◆ Extracted entries:
------------

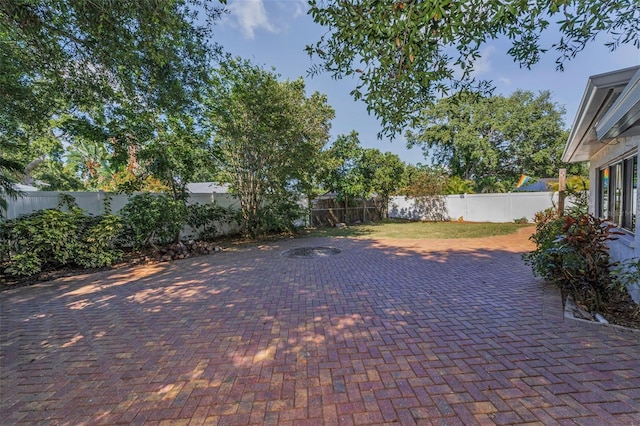 1766 Hitching Post Ln, Dunedin, FL 34698 - fenced backyard featuring a patio area
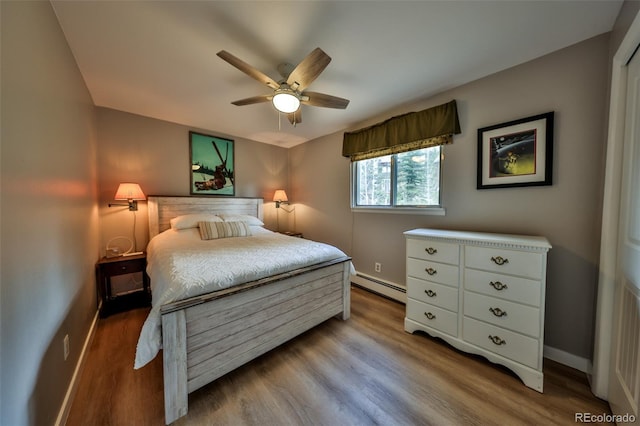 466 Hi Country Dr Unit 109, Winter Park, CO 80482 - bedroom with a baseboard heating unit, wood finished floors, and a ceiling fan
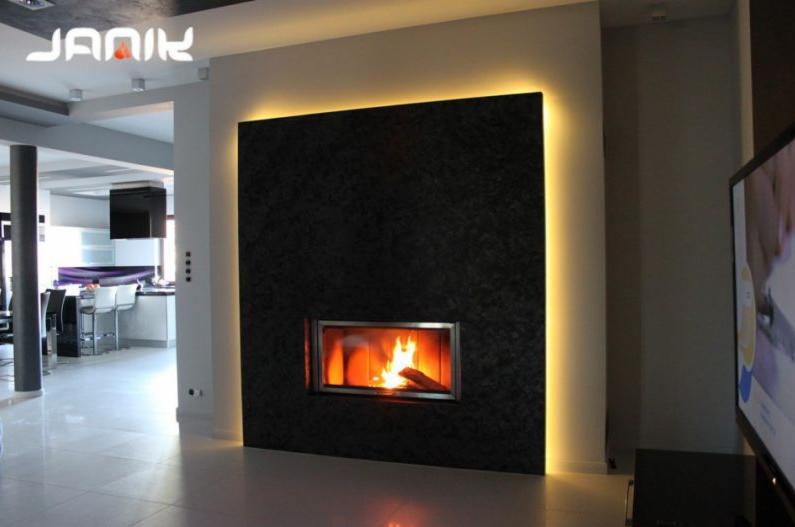 Nowoczesny kominek z czarnego kamienia z podświetleniem LED, płomień widoczny przez szklaną szybę, w tle jasne wnętrze domu.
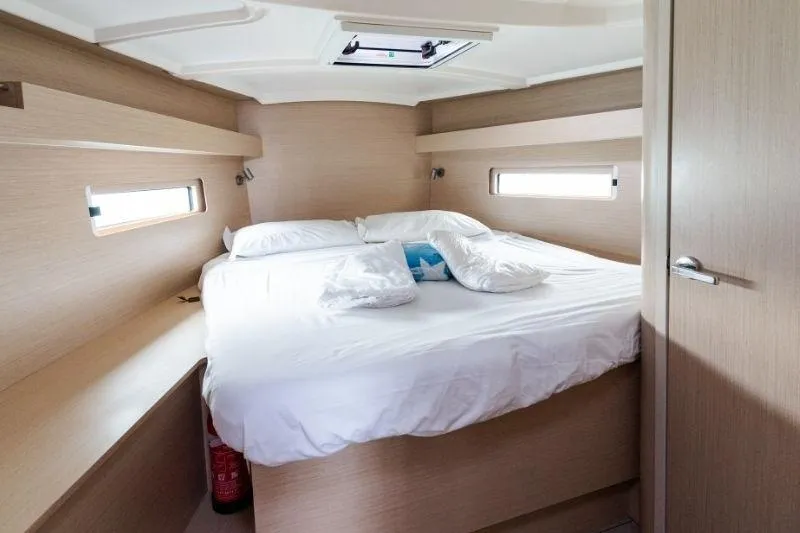 Yacht Photos Pics Cozy cabin interior of 2021 Beneteau Oceanis 40.1 yacht with comfortable bed and natural lighting.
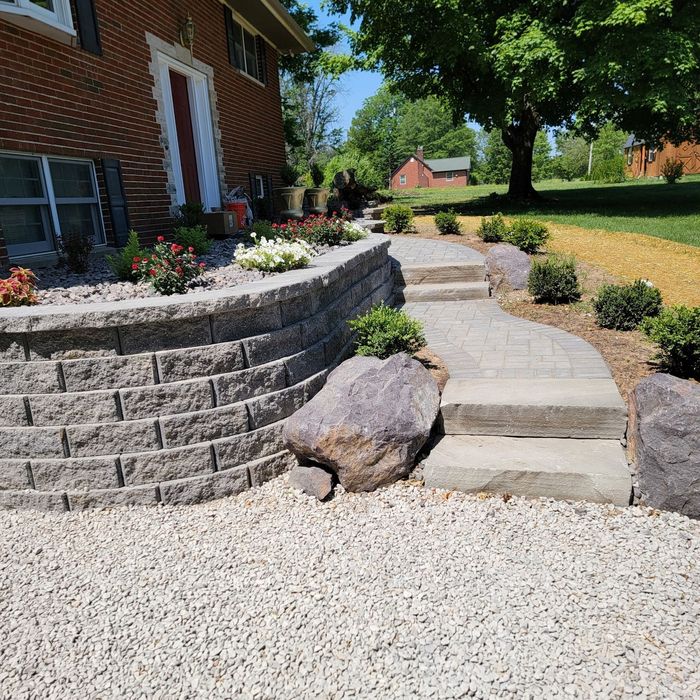 A brick walkway is being cleaned with a pressure washer.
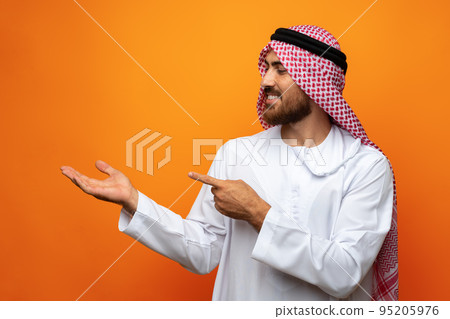 Young Arab man pointing hand to copy space on orange background Young Arab man pointing hand to copy space on orange background 95205976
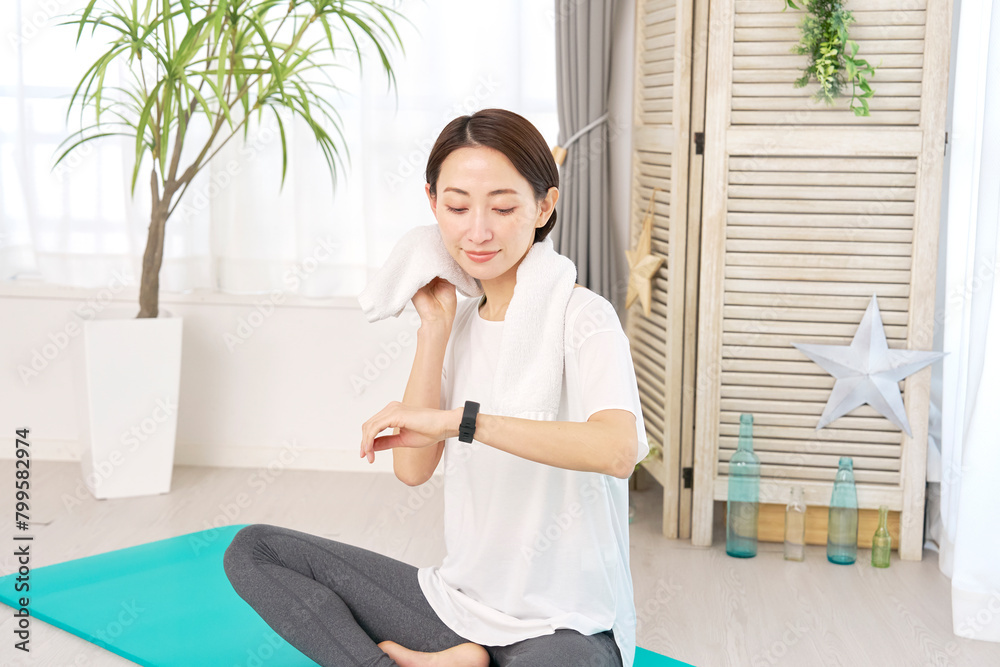 © siro46 - 自宅でエクササイズ中にスマートウォッチを使う女性
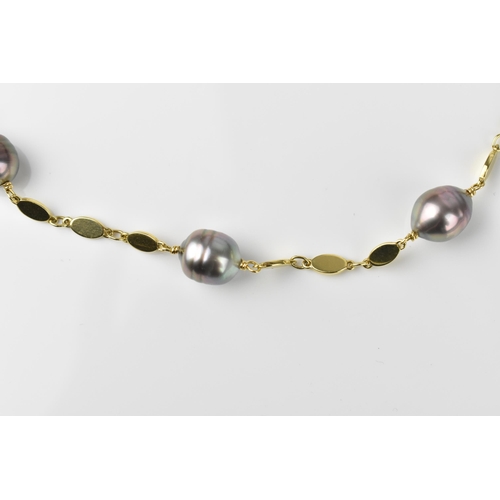 151 - A yellow metal and baroque cultured Tahitian pearl necklace, with three flat links between each pear... 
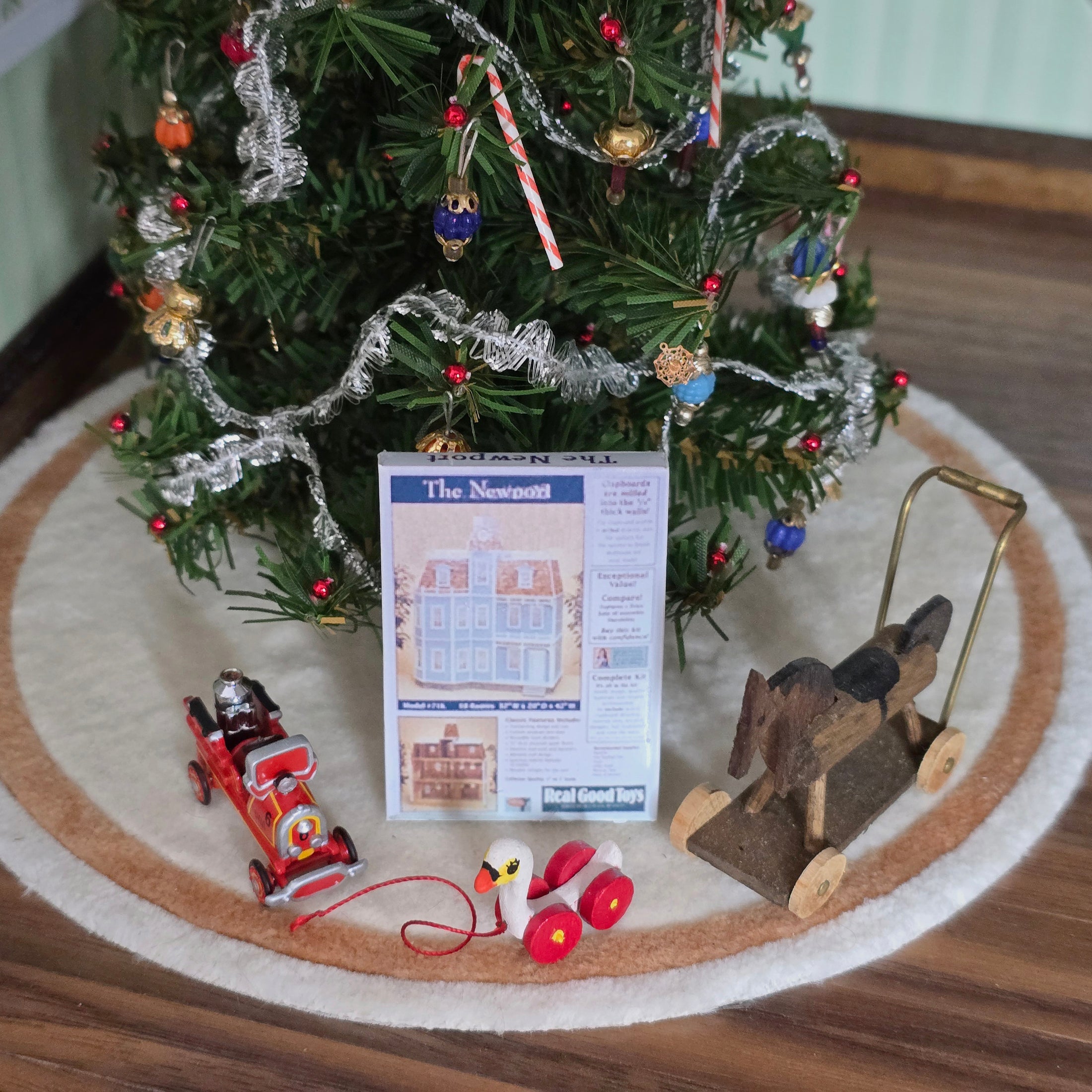 Christmas tree surrounded by toys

------------

◆ Exercise: Drop the pictures and reproduce the rest of the data exactly.

◆ Answer section:
 1766 Hitching Post Ln, Dunedin, FL 34698 - fenced backyard featuring a patio area
 466 Hi Country Dr Unit 109, Winter Park, CO 80482 - bedroom with a baseboard heating unit, wood finished floors, and a ceiling fan
 Nowoczesny kominek z czarnego kamienia z podświetleniem LED, płomień widoczny przez szklaną szybę, w tle jasne wnętrze domu.
 Yacht Photos Pics Cozy cabin interior of 2021 Beneteau Oceanis 40.1 yacht with comfortable bed and natural lighting.
 A brick walkway is being cleaned with a pressure washer.
 Young Arab man pointing hand to copy space on orange background Young Arab man pointing hand to copy space on orange background 95205976
 © siro46 - 自宅でエクササイズ中にスマートウォッチを使う女性
 151 - A yellow metal and baroque cultured Tahitian pearl necklace, with three flat links between each pear... 
 Christmas tree surrounded by toys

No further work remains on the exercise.